Using FaST-LMM, there were 26, 8, 5, 4 and 4 QTLs detected from D6 to D10, respectively, in 2019 and 2020 (Table 2). There were seven QTLs characterized repeatedly in the total (Table 2). Compared with QTLs reported before, 13 QTLs were co-localized within the interval of 1 Mb in this study (Table 2). Among these QTLs, 12 QTLs were associated with LTG, five QTLs were associated with cold tolerance at the seedling stage, and four QTLs were associated with both LTG and cold tolerance at the seedling stage (Table 2). These results confirmed that the GWAS results in this study were reliable for further candidate analysis. The remaining 24 QTLs that had been uncharacterized before were considered novel QTLs for LTG. Among the novel QTLs, it was notable that qLTG1-2 was repeatedly detected on D7 in both years using FaST-LMM and GEMMA (Figs. 3A–3C). Moreover, this QTL was detected on 2020D6 as well using FaST-LMM and GEMMA (Fig. S4). Therefore, further analysis was focused on qLTG1-2 with this repeated lead SNP (Chr.1_13340259).

Figure 3

Manhattan plot and Q–Q plot for LTG using 2 programs in D7.

(A) A GWAS performed on 2019D7 using FaST-LMM. (B) GWAS performed on 2020D7 using FaSTL-MM. (C) A GWAS performed on 2019D7 using GEMMA. (D) A GWAS performed on 2020D7 using GEMMA. An orange arrow represents QTLs detected previously. A black arrow represents novel QTLs detected in this study. A yellow dotted box represents the repeated identified QTLs. A dashed horizontal line represents the suggestive threshold (P = 7.34 × 10−6, −log10P = 5.13).
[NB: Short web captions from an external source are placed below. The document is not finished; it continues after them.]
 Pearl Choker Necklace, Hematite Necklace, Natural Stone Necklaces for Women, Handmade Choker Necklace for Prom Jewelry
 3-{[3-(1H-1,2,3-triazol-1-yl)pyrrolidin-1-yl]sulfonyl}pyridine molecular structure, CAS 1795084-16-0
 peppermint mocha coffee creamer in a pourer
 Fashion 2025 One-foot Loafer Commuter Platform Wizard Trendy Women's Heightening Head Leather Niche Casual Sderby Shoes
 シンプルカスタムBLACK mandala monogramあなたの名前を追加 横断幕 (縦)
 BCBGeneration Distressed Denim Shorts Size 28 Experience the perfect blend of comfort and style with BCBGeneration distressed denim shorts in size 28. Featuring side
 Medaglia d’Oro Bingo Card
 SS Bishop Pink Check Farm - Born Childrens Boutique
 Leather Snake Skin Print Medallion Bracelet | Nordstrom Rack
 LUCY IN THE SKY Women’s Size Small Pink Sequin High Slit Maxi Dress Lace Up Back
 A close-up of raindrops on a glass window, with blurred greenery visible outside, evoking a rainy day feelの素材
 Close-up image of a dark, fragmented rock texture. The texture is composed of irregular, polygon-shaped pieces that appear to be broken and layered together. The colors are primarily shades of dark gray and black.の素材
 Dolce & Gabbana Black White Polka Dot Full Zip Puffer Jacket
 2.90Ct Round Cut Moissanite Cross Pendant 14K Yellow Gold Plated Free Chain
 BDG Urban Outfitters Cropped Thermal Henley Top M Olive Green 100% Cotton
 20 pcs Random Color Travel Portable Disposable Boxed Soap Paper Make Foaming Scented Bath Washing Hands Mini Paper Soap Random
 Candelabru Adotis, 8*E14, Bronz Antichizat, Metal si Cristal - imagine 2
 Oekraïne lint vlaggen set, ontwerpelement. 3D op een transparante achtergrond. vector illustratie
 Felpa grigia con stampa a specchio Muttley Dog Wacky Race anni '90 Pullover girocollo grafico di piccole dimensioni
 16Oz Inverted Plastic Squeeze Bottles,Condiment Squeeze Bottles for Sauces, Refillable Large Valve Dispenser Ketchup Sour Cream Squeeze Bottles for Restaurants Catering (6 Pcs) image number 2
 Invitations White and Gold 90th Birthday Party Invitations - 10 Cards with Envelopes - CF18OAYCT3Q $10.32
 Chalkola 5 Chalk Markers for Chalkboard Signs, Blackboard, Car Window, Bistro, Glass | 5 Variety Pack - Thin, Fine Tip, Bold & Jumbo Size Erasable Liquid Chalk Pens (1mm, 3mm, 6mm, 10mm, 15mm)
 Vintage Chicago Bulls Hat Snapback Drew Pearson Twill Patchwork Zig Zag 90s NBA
Haplotype and expression analysis of the candidate genes

To further locate the candidate genes of qLTG1-2, two public germination-related transcriptome datasets (SRP277875, GSE115371) were adopted. Dataset SRP277875 contained the expression data at different time points of two rice accessions for germination (Yang et al., 2020a) and Dataset GSE115371 provided the expression data of one rice accession under aerobic conditions for germination at various time points (Narsai et al., 2017). According to the published transcriptome data, 13 expressed genes located in the qLTG1-2 interval were found, which were then used for further comparison analysis of the expression levels in low temperature between high and low germination accessions (Fig. S5). LOC_Os01g23600, LOC_Os01g23705 and LOC_Os01g23850 failed to be amplified, suggesting they exhibit very low expression levels in the seeds. Eight genes, including LOC_Os01g23590, LOC_Os01g23610, LOC_Os01g23630, LOC_Os01g23640, LOC_Os01g23680, LOC_Os01g23710, LOC_Os01g23740 and LOC_Os01g23870, did not show obvious differences between high and low germination accessions (Fig. S6).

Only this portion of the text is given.